ACLU of Michigan Applauds Court Order Permitting Street Musicians to Play on Saugatuck Public Sidewalks
GRAND RAPIDS, Mich. -- Prompted by an ACLU of Michigan lawsuit on behalf of two musicians banned from playing on public sidewalks, Saugatuck city officials have agreed to allow street performers to perform on public sidewalks without a permit and to exempt them from a business entertainment ordinance that was used to justify the arrests.
Watch our video of viola player Christopher Waechter and guitarist Gabe Novak talking about the case
The agreement, part of a consent judgment entered today by U.S. District Judge Robert J. Jonker, was reached after the ACLU of Michigan sued the city for prohibiting musicians Christopher Waechter and Gabe Novak from performing on city sidewalks in separate incidents last summer. Novak was also arrested.
Michael Steinberg, legal director for the ACLU of Michigan, lauded the agreement as a victory for the First Amendment: “The right to express oneself on public sidewalks without government interference is a cherished right in this nation. We are thrilled that this right will now be respected in the City of Saugatuck.”

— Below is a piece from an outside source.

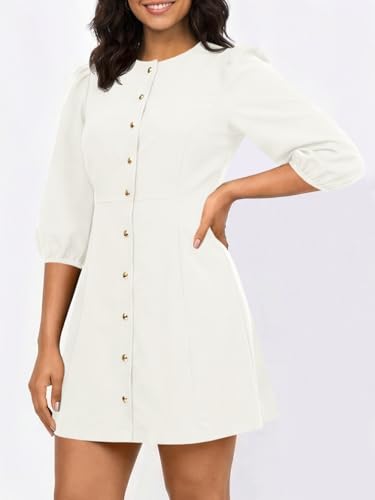 Wenrine Womens Work Mini Dress 3/4 Sleeve Button Down Business Dresses - color: White, size: Medium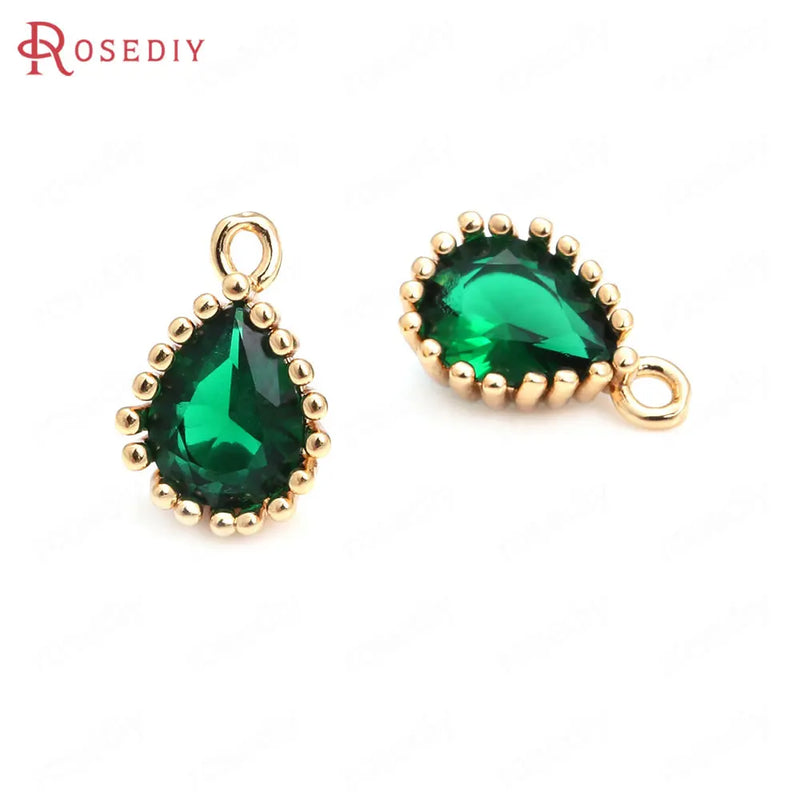 10PCS High Champagne Brass Zircon Drop Shape Charms Pendants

Originally, viola player Waechter and guitarist Novak were forced off the public sidewalk after being told they were in violation of a “public entertainment” ordinance requiring businesses that wish to provide public entertainment to apply for a license 60 days before the event. Novak was jailed for the weekend when he told an officer who directed him to stop performing that the officer’s actions were unconstitutional. Under the consent judgment, the City of Saugatuck also must pay Waechter and Novak $7500 each as well as attorney fees.
In addition to Steinberg, Novak and Waechter are represented by ACLU of Michigan staff attorneys Marc Allen and Miriam Aukerman.